DURKHEIM, Émile. O Suicídio. Tradução Alex Martins. Editora Martin Claret, 2002. 445 p.

 

Fenômeno social sobre a liberdade humana

 

Émile Durkheim descreve os motivos do suicídio no seu livro O Suicídio a partir da visão sociológica. A leitura desta obra é extremamente gratificante e estimulante, conduzindo a uma reflexão sobre as mazelas sociais que afetam diretamente a vida das pessoas, exercendo uma força que obriga o sujeito a seguir os ditames do capitalismo. Um aspecto que me chamou a atenção foi por que o suicídio (ato individual) foi estudado por Durkheim como um fenômeno social?

Durkheim trata o suicídio de forma não psicológica, e sim, de forma social, buscando padrões empíricos em diversas sociedades e seguindo um método comparativo.

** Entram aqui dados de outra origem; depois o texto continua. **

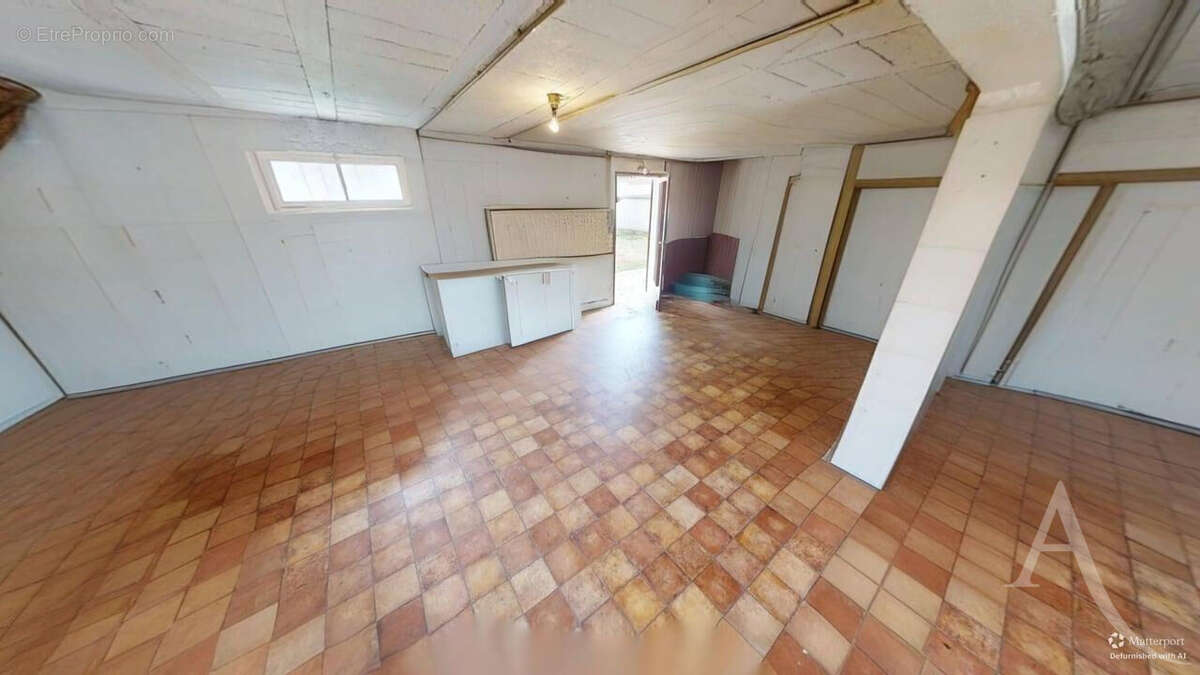 Maison Le Poinconnet - photo 14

É daí que Durkheim consegue definir os quatro tipos de suicídios do ponto de vista sociológico (egoísta, altruísta, anônimo e fatalista – e suas combinações). O suicídio egoísta – que resulta de uma individualização excessiva e cujo grau de integração do indivíduo na sociedade não se apresenta suficientemente forte; o suicídio altruísta – que ao contrário resulta de uma individualização insuficiente e o suicídio anômico – que se relacionam com uma situação de desregramento, típicas dos períodos de crise, que impede o indivíduo de encontrar uma solução bem definida para os seus problemas, situação que favorece um sucessivo acumular de fracassos e decepções propícias ao suicídio. Sociedades tradicionais onde a solidariedade mecânica prevalece, sendo que o último tipo de suicídio é o suicídio fatalista, que embora Durkheim o visse como de pouca relevância contemporânea, ele acreditava que isso acontece quando o indivíduo é regulado demais pela sociedade.

Pela observação de estatísticas oficiais, este autor concluiu que o suicídio era mais frequente nas comunidades protestantes que nas comunidades católicas, fenômeno que explicou através da noção de integração religiosa. No mesmo sentido, Durkheim verificou que o suicídio ocorria menos entre os indivíduos casados que entre solteiros, situação que, segundo ele, se explicaria através da noção de integração familiar. Neste trabalho, notou ainda que as taxas de suicídios diminuíssem em períodos de grandes acontecimentos políticos, em que aumentava a coesão sociopolítica em torno da ideia de nacionalidade, isso não quer dizer que o suicídio seja ontologicamente um fato social, ele o é enquanto a sociologia o encara de maneira pautada pelo exposto e pelo sociólogo. Assim o suicídio é um fato social a partir do momento em que se pode enquadrá-lo nos termos do objeto típico da sociologia na visão de Durkheim e segundo as características intrínsecas desse objeto. Segundo Durkheim, ainda que os humanos vejam a si mesmos como indivíduos que tem a liberdade de arbítrio e de escolha, seus comportamentos são frequentemente padronizados e moldados socialmente. Há uma concordância de que a sociedade molda e padronizam muitos dos comportamentos individuais, mas nem todas as atitudes e atos são padronizados pela sociedade como afirma o sociólogo.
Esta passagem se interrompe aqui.